A brief update on TSX: GCM.NT.U – the company is required to sell 3,900 ounces of gold on the open market, take the first $1,250 of the sale price and amortize the notes, and the remainder gets distributed to noteholders.
Gold today is roughly US$1,410 an ounce, so I calculate that noteholders will receive an extra 0.79% premium on their notes this quarter, assuming that is the average sale price.
(Update, July 16, 2019: Price received was US$1,412.40/ounce, thus the premium is 0.81%)
If the price of gold remains steady for this quarter and the subsequent 3 quarterly transactions, the total premium received will be an extra 3.53% par value on the notes – the same amount of gold (3,900 ounces) is amortized over a smaller principal of notes as they are amortized, so each quarterly payment becomes slightly larger (0.85%, 0.91% and 0.98%, respectively) – sort of like the effect on EPS of a company executing a share buyback with fixed earnings. This commodity-linked debt amortization arrangement is very uncommon in exchange-traded fixed income securities.
In my estimation, there is a high probability that the notes will be called out shortly before April 30, 2021 for the 3 year government of Canada bond yieldUS Treasury Note yield plus 100bps, so this can be used in your YTM calculations. At par and present gold values, right now investors are looking at about a 13% YTM on senior secured debt, but this will fluctuate depending on gold and 3 year bond yield pricing.

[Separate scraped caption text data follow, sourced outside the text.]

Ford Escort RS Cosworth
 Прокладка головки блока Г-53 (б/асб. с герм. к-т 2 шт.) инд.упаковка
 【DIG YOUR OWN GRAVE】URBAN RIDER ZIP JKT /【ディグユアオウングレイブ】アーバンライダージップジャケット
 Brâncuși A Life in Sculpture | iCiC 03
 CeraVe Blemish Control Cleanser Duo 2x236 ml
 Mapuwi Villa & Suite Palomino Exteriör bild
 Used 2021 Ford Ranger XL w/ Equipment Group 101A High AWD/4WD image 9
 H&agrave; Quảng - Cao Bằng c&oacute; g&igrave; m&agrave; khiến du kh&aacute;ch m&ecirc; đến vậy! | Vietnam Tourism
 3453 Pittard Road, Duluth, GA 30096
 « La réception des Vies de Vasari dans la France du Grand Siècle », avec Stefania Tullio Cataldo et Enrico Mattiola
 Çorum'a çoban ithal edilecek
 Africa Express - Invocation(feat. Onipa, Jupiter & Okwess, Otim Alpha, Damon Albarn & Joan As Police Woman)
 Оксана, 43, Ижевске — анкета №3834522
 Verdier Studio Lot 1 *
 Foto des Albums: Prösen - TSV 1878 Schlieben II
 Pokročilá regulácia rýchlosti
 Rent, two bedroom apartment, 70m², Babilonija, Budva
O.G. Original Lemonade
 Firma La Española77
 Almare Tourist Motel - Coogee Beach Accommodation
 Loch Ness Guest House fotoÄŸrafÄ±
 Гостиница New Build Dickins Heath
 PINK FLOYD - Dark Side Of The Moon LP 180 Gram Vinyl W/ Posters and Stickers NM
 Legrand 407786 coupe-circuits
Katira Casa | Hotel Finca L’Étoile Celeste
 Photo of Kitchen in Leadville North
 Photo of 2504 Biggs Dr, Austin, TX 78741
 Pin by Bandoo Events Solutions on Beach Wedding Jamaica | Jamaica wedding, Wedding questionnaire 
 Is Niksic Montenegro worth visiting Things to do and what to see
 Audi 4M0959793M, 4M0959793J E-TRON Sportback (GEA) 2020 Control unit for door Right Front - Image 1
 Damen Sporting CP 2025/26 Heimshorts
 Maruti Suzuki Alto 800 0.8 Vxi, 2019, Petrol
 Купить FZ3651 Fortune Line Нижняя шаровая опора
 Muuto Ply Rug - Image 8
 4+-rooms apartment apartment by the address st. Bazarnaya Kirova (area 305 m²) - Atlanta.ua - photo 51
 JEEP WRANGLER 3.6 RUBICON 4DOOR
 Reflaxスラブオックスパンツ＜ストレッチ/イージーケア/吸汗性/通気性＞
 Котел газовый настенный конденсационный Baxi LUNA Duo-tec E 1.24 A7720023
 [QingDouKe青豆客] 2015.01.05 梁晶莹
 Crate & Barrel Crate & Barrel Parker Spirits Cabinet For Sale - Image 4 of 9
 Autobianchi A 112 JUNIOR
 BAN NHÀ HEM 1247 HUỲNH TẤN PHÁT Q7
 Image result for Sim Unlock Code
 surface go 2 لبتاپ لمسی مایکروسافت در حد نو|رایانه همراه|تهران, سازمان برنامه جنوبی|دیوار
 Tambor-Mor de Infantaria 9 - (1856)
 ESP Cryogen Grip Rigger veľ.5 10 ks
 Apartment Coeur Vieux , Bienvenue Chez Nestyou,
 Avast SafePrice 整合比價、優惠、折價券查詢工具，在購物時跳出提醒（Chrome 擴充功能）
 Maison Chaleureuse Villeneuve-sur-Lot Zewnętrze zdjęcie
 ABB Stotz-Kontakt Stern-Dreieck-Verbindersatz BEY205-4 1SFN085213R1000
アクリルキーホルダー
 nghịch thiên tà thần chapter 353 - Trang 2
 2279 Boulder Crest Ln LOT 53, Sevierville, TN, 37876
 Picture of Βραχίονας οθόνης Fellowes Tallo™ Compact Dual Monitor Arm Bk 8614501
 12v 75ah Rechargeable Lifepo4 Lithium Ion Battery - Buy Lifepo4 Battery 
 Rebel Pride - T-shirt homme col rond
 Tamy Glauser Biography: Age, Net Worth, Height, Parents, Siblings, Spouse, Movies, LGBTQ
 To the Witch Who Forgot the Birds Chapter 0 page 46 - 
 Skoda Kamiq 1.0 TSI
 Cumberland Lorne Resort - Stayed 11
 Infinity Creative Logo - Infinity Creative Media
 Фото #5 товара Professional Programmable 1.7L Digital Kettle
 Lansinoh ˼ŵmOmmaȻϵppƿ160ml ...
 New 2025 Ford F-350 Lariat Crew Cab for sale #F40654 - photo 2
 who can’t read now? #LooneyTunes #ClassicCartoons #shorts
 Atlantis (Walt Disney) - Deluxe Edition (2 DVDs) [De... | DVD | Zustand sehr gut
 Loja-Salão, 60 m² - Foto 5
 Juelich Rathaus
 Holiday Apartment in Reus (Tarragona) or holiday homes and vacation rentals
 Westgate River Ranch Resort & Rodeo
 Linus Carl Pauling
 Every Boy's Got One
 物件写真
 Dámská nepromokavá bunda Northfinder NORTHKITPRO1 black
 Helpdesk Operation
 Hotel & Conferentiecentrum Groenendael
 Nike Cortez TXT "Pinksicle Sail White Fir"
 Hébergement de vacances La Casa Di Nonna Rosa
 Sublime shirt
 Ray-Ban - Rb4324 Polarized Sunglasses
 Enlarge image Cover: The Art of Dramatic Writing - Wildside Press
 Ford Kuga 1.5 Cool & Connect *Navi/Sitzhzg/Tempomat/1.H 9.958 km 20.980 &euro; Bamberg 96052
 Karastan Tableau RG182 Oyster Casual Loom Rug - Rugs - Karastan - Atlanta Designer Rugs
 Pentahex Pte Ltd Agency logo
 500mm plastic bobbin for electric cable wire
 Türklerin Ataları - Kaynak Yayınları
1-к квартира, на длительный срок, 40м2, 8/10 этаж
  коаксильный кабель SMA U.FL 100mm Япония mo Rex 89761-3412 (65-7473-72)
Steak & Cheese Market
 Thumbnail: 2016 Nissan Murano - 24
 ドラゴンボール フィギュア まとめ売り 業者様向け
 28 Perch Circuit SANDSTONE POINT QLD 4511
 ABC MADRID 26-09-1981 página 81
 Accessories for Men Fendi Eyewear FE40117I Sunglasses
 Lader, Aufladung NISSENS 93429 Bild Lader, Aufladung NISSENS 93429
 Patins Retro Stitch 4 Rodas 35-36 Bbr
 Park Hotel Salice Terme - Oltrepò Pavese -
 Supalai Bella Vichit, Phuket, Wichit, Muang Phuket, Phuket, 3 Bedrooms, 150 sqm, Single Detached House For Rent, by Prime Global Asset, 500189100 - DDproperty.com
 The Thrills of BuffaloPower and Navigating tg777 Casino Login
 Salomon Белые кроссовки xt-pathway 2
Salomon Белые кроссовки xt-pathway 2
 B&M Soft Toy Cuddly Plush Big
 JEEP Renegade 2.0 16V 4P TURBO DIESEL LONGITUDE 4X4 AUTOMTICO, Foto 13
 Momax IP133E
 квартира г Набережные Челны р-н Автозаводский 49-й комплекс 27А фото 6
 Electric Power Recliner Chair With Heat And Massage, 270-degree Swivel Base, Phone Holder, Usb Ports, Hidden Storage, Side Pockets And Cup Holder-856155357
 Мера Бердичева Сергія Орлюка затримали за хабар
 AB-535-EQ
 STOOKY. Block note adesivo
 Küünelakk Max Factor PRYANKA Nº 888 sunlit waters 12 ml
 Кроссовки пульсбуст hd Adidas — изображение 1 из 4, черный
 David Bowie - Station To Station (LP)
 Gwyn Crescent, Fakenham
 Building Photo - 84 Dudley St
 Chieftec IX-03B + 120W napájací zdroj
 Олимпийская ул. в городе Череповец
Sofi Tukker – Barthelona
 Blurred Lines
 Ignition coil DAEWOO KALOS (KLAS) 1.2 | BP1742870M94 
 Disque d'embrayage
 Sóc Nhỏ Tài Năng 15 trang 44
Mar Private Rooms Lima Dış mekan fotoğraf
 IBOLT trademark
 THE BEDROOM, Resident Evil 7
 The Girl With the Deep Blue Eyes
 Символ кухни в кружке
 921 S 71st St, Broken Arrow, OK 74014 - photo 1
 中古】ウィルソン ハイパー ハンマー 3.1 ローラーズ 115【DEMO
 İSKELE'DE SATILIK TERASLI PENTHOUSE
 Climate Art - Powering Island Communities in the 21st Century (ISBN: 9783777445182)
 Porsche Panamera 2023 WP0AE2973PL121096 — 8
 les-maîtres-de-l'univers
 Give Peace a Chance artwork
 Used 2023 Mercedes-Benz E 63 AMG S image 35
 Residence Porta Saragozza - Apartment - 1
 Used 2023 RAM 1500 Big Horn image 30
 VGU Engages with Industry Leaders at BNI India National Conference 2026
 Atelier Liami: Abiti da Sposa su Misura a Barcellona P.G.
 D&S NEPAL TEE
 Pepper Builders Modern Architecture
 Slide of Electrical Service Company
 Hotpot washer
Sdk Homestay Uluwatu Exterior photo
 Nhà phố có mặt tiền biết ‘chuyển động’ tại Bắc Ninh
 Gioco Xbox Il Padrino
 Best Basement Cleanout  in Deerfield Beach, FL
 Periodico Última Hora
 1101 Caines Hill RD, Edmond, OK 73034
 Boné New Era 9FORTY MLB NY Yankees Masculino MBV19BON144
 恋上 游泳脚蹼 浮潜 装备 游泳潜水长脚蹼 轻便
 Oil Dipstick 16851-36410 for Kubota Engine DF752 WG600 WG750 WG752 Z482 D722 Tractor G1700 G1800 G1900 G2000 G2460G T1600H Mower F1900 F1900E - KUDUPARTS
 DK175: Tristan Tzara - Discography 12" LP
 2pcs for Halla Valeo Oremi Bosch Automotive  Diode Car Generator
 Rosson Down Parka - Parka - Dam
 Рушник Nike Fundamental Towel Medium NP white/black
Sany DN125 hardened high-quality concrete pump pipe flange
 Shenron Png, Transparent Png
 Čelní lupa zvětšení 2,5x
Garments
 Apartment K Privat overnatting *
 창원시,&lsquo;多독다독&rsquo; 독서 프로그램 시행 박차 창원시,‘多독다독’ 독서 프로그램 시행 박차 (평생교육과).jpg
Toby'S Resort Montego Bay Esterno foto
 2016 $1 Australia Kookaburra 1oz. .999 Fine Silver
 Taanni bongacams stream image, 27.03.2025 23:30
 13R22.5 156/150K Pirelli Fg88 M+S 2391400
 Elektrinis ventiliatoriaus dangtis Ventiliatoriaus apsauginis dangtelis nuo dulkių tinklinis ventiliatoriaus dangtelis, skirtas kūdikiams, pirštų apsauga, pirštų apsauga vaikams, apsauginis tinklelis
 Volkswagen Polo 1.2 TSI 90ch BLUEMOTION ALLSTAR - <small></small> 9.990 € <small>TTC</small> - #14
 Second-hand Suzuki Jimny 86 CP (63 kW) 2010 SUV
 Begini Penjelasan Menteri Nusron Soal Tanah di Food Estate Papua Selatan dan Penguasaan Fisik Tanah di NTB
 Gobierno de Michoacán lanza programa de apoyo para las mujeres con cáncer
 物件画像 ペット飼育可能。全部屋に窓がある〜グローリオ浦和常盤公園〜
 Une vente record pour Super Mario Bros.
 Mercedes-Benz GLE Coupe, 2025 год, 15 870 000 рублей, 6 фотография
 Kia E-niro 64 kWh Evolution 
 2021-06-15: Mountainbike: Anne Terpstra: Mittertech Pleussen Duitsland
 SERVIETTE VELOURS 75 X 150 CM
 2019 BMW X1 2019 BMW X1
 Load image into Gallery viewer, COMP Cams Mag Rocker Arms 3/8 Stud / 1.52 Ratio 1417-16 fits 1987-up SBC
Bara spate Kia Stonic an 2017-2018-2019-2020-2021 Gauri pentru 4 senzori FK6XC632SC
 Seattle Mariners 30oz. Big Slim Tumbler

(Update, July 16, 2019: The above paragraph is totally incorrect. Please see the comments below for elaboration.)
Unfortunately for people interested in getting in, the notes have been trading lately above par, which will reduce the yield to maturity.
I have a full position in these notes and I am not interested in adding as they are amortized.
These notes are really a sweet investment. Thanks for all the work on the website. I always enjoy reading your thoughts on various investing related topics.
I thought if they called early, it is at 104
After April 30, 2021 the first year is 104.13.
“At any time prior to April 30, 2021, on one or more occasions and in whole or in part, the Company may redeem the Notes at a redemption price equal to 100% of the principal amount of the Notes plus a premium equal to the greater of 1% of the principal amount of the Notes or the three-year U.S. Treasury Rate plus 100 basis points.”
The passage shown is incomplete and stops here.